Also, Stoiker, wenn Du vom Typ her distinguiert bist, sehr gute Manieren hast, elegant gekleidet bist, all die Dinge kannst (und vor allem von Herzen gerne machst), die zum Hofmachen nach alter Art dazugehören (Tanzen, Schreiben, Blumen etc.), dann passt das Siezen sehr gut in das Gesamtbild.
Ich nehme an, dass Du einfach etwas langsamer vorgehen möchtest (und es idealerweise verstehst, dabei einen Spannungsbogen aufzubauen), gerade weil Du vom Wesen her zu tiefen Gefühlen und großer Nähe fähig bist. Bei mir ist es auch so und das hat nichts mit einer Bindungsstörung oder so zu tun. Ich bin sehr sensibel, ich schaue den Menschen tief in die Seele und habe auch eine gute Wahrnehmung meiner Seele. Vom Typ her bin ich eine ganz Feine und es widerstrebt mir, wenn ein Mann oder ein Mitmensch im Allgemeinen plump in meinen Bereich vordringen möchte. Deshalb schätze ich ein langsames Kennenlernen über längere Zeit hinweg mit vielen Gesprächen. Ein Siezen im Hamburger Stil könnte da hervorragend passen.

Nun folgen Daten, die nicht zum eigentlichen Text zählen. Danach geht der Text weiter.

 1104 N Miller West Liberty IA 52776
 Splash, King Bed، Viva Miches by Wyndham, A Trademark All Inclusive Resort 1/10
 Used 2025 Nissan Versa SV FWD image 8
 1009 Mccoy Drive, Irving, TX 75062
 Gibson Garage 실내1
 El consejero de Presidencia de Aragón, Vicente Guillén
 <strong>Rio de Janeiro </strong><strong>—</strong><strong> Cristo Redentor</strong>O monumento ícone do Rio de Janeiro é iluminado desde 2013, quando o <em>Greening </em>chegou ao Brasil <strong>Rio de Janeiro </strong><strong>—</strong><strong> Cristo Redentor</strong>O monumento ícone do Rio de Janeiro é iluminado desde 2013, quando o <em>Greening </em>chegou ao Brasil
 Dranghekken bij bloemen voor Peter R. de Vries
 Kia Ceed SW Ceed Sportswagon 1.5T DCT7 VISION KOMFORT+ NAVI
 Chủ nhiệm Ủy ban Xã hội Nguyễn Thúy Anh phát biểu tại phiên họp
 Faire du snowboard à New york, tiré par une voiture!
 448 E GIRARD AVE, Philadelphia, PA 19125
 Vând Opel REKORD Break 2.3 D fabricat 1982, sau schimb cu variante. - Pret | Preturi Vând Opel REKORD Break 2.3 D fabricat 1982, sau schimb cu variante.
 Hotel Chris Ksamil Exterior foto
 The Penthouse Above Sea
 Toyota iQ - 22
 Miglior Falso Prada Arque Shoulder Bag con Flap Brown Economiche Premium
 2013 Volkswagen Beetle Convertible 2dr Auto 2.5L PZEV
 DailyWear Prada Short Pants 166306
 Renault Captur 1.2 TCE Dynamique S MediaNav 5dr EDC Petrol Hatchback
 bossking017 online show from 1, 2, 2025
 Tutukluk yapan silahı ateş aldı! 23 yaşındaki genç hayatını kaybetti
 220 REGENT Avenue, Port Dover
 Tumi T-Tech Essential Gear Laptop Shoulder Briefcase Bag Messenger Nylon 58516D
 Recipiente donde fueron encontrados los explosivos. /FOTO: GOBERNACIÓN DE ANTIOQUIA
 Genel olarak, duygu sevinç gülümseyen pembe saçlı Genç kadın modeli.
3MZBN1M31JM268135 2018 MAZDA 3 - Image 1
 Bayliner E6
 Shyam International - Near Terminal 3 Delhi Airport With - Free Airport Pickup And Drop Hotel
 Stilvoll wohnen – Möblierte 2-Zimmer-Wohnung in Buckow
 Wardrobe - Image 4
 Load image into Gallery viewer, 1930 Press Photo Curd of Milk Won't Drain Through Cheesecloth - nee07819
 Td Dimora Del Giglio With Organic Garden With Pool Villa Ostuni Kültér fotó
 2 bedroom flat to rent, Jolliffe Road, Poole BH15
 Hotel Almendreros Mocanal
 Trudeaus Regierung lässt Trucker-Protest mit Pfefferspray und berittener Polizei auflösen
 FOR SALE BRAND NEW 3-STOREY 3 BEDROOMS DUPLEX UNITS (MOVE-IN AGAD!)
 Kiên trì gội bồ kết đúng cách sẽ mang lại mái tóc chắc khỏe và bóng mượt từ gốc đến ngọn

Wenn ich mich hier so umschaue und lese, dann bemerke ich oft, dass viel zu schnell Nähe erzwungen wird, die überhaupt noch nicht tragfähig ist. Somit handelt es sich um eine Pseudo-Nähe, die aus der Unsicherheit heraus entstanden ist, ob der Kandidat oder die Kandidatin auch noch da sein würde, wenn man anfangs auf seine natürlichen Grenzen achtete. Ein "Du" hat also überhaupt nichts mit wahrer Nähe zu tun, sondern verschleiert sogar fehlende echte Nähe.
Es wird ja oft auf den angelsächsischen Raum verwiesen, wo es nur das "du" (you) gäbe. Als Anglistin möchte ich hier klarstellen, dass es im angelsächsischen Sprachraum gerade anders herum ist, nämlich dass es nur das "Sie" (you) gibt. Das ist leider nur nicht bekannt. Das eigentliche "du" entsprach dem "thou" - Linguisten erkennen die sprachliche Verwandtschaft zum "du", der altenglische Buchstabe "thorn", den es heute übrigens auch noch im Isländischen gibt, findet seine deutsche Entsprechung im "d".
Jedenfalls wurde das informelle Anredepronomen "thou" (du) im Laufe der Zeit durch das "you" ersetzt, welches die formelle Anrede für den Höhergestellten war und immer noch ist. Das wissen nur die meisten Leute nicht und sagen deshalb, im Englischen gäbe es nur das "du".
Hier ein Beispiel aus "Othello", als Senator Brabantio zum intriganten (niedriger gestellten) Iago sagt: "Thou art a villain!" (= Du bist ein Schurke.) Der so Gescholtene sagt hernach zu Brabantio: "You are a senator." (= Und Ihr seid ein Senator. bzw. Und Sie sind ein Senator.)
Das ist die hintersinnigste Beleidigung in Shakespeare's Werk: In voller Ehrerbietung und ohne die Regeln der Höflichkeit zu verletzen (wegen des "You", mit dem Iago den Senator Brabantio anspricht), wird eine Assoziation zwischen Schurke und Senator hergestellt.
Mit diesem Beispiel darf nun jeder glänzen, wenn mal wieder einer sagt, dass es im Englischen nur das "Du" gäbe.